Beyond the lake the park began, and sloped gently to the verge of the wood, now but a dark cloud beneath the sickle moon. And then beyond, and farther still, undiscovered hills, grey bands of cloud, and the steep pale height of the heaven. She gazed on with her tender eyes, bathing herself, as it were, in the deep rest of the night, veiling her soul with the half-light and the half-shadow, stretching out her delicate hands into the coolness of the misty silvered air, wondering at her hands.

And then she turned from the window, and made herself a divan of cushions on the Persian carpet, and half sat, half lay there, as motionless, as ecstatic as a poet dreaming under roses, far in Ispahan. She had gazed out, after all, to assure herself that sight and the eyes showed nothing but a glimmering veil, a gauze of curious lights and figures: that in it there was no reality nor substance. He had always told her that there was only one existence, one science, one religion, that the external world was but a variegated shadow which might either conceal or reveal the truth; and now she believed.

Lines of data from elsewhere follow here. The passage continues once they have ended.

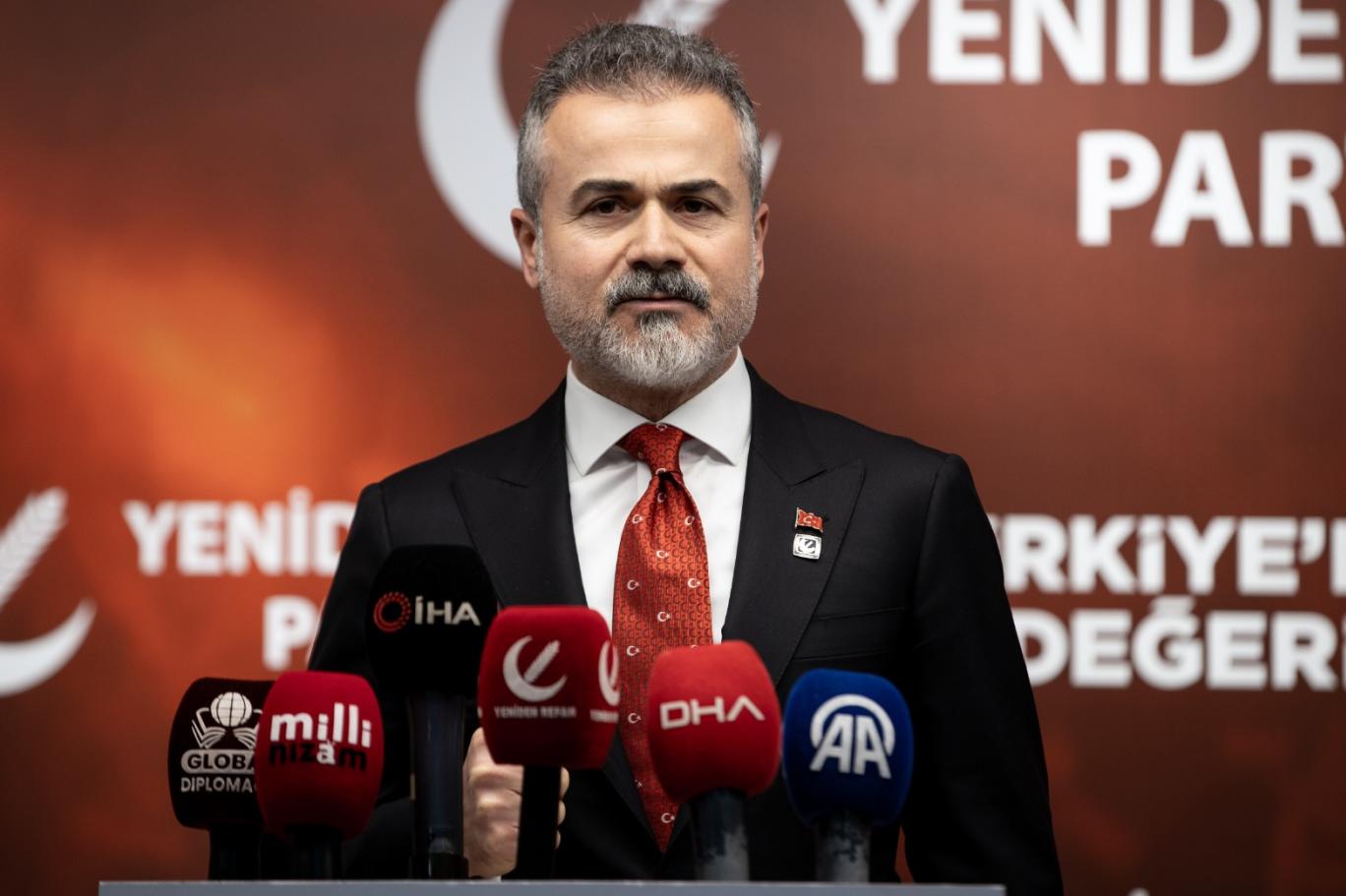  Yeniden Refah’tan MHP’ye yanıt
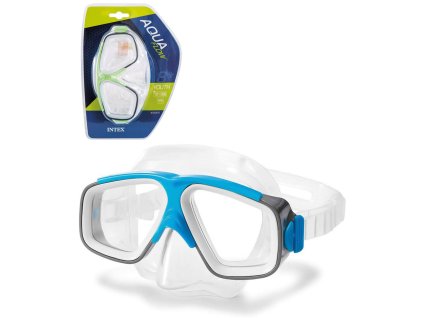INTEX Brýle dětské potápěčské Surf do vody na potápění 2 barvy na kartě 55975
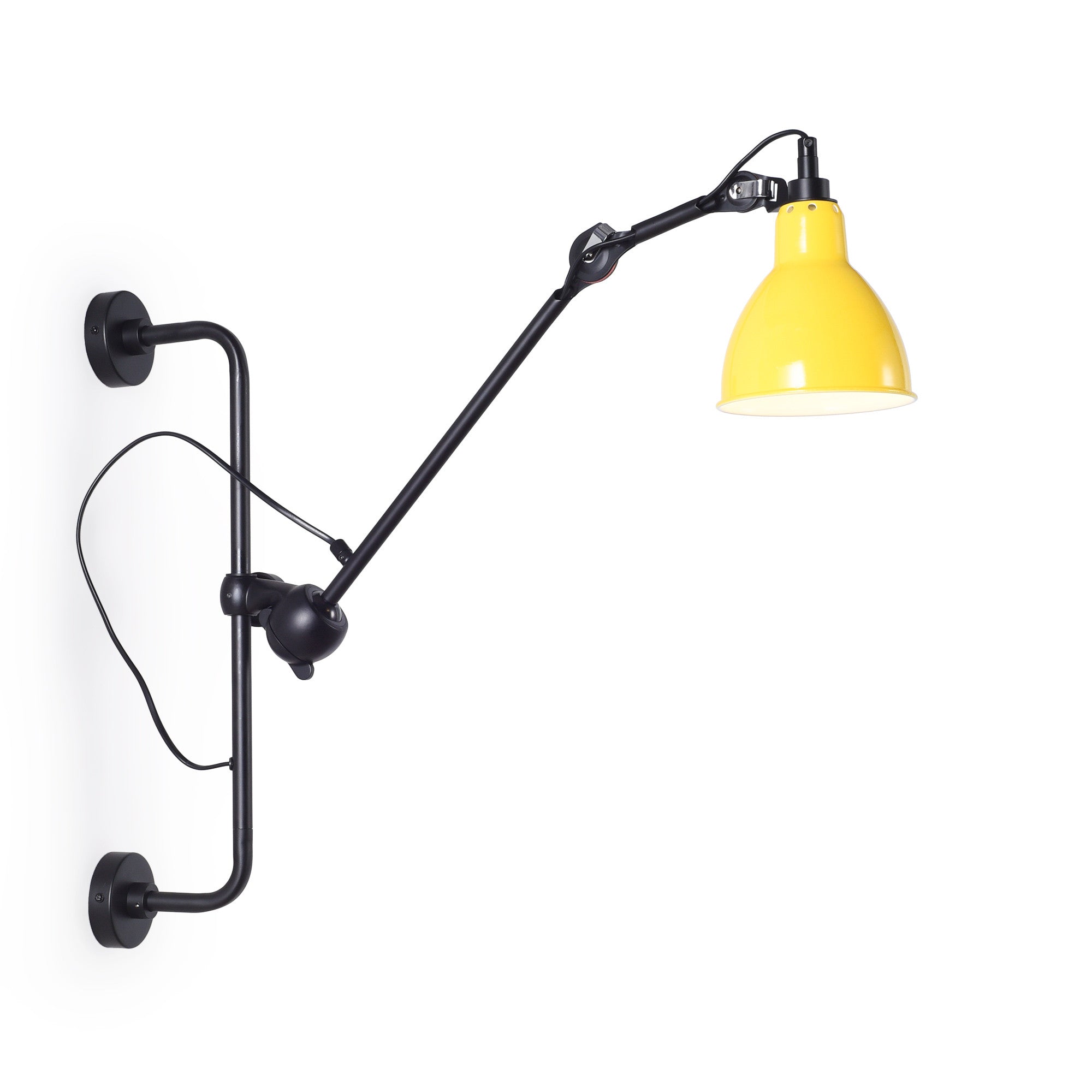 Aplique de pared articulado "RUBY 210" - E27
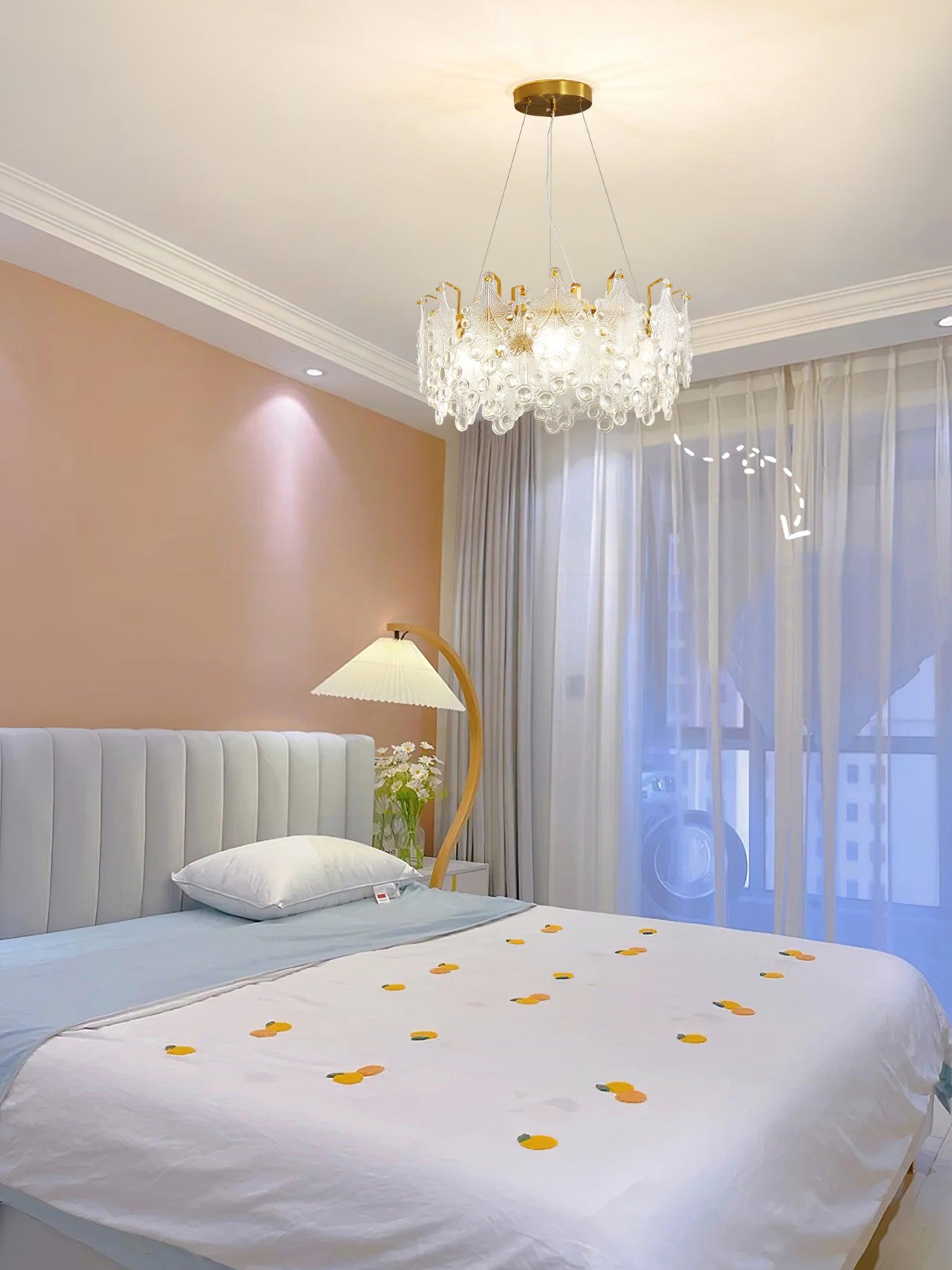 Cisorir Crystal Chandelier - Letslighting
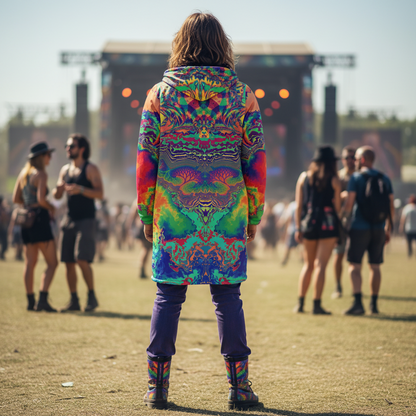 Acid Melt Cloak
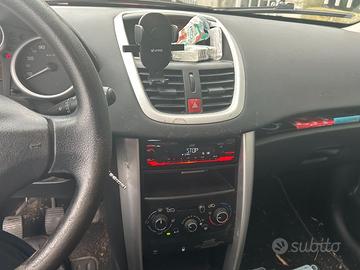 Peugeot 207+ benzina/gpl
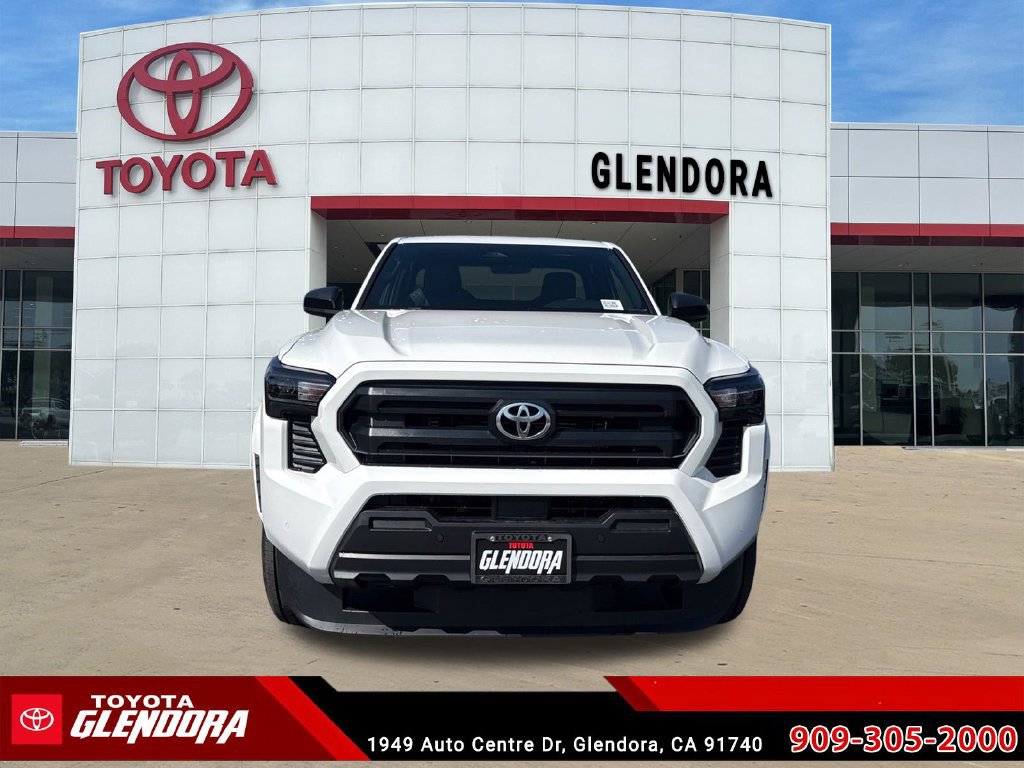 New 2026 Toyota Tacoma SR w/ SR Upgrade Package RWD image 3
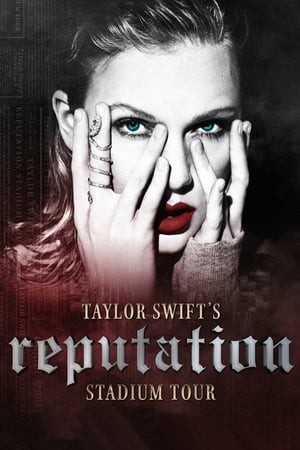 Taylor Swift: A nevezetes stadion turné poszter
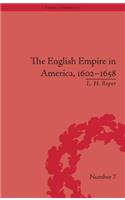 English Empire in America, 1602-1658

He had shewn her that bodily rapture might be the ritual and expression of the ineffable mysteries, of the world beyond sense, that must be entered by the way of sense; and now she believed. She had never much doubted any of his words, from the moment of their meeting a month before. She had looked up as she sat in the arbour, and her father was walking down through the avenue of roses, bringing to her the stranger, thin and dark, with a pointed beard and melancholy eyes. He murmured something to himself as they shook hands; she heard the rich, unknown words that sounded as the echo of far music. Afterwards he had told her what those words signified:

"How say ye that I was lost? I wandered among roses.
Can he go astray that enters the rose garden?
The Lover in the house of the Beloved is not forlorn.
I wandered among roses. How say ye that I was lost?"

His voice, murmuring the strange words, had persuaded her, and now she had the rapture of the perfect knowledge. She had looked out into the silvery uncertain night in order that she might experience the sense that for her these things no longer existed. She was not any more a part of the garden, or of the lake, or of the wood, or of the life that she had led hitherto. Another line that he had quoted came to her:

"The kingdom of I and We forsake and your home in annihilation make."

It had seemed at first almost nonsense—if it had been possible for him to talk nonsense; but now she was filled and thrilled with the meaning of it. Herself was annihilated; at his bidding she had destroyed all her old feelings and emotions, her likes and dislikes, all the inherited loves and hates that her father and mother had given her; the old life had been thrown utterly away.

It grew light, and when the dawn burned she fell asleep, murmuring:

"How say ye that I was lost?"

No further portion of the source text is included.